Data extracted from a collection:
▼

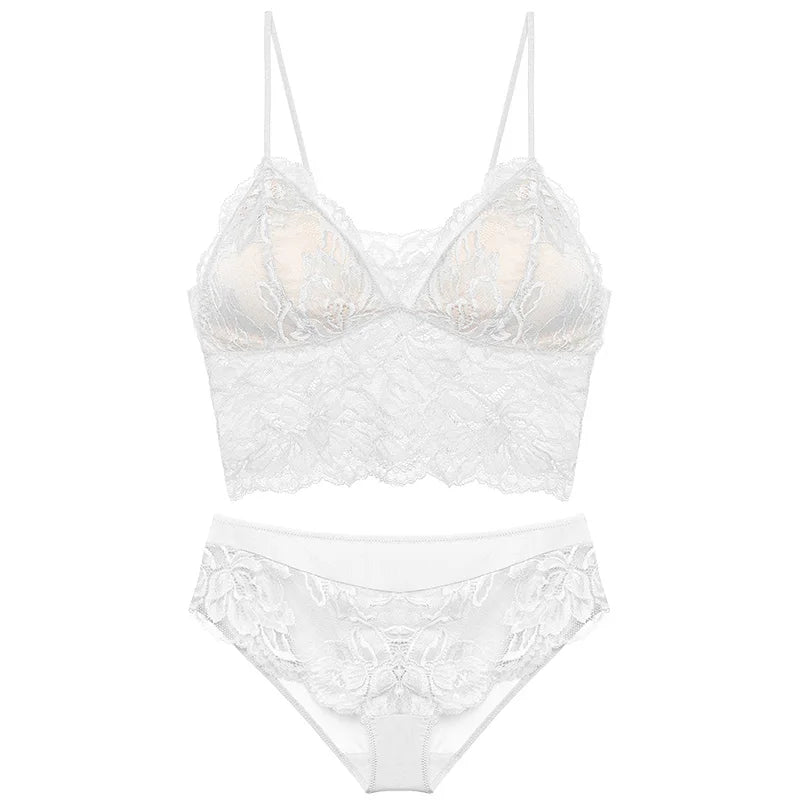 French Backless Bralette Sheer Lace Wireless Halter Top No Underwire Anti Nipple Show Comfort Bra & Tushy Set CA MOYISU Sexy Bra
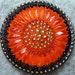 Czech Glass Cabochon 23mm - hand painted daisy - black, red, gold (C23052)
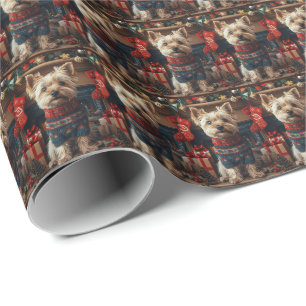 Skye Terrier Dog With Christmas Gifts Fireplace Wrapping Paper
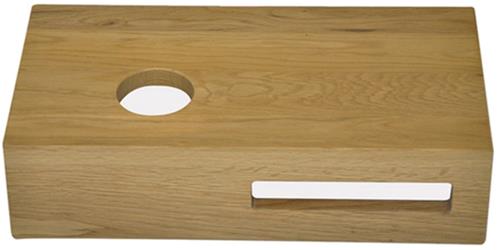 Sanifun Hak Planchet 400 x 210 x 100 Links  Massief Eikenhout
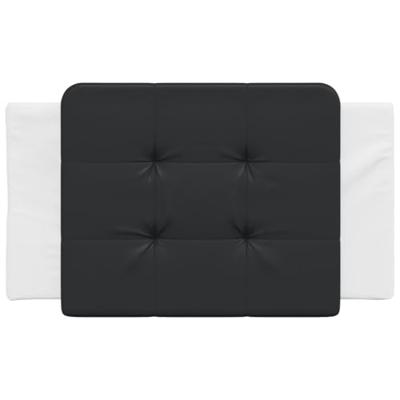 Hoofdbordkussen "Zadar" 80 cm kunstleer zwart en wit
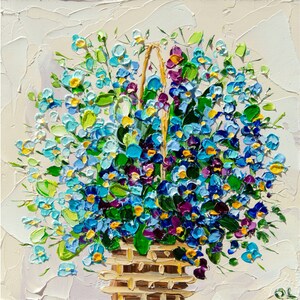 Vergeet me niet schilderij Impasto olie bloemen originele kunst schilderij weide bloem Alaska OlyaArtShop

▲

■ **ASSIGNMENT**: Reproduce exactly the lines that run from the line holding "Czech Glass Cabochon" through the final line of the entries, and omit every picture.

■ **EXERCISE RESULT**:
 Czech Glass Cabochon 23mm - hand painted daisy - black, red, gold (C23052)
 Skye Terrier Dog With Christmas Gifts Fireplace Wrapping Paper
 Sanifun Hak Planchet 400 x 210 x 100 Links  Massief Eikenhout
 Hoofdbordkussen "Zadar" 80 cm kunstleer zwart en wit
 Vergeet me niet schilderij Impasto olie bloemen originele kunst schilderij weide bloem Alaska OlyaArtShop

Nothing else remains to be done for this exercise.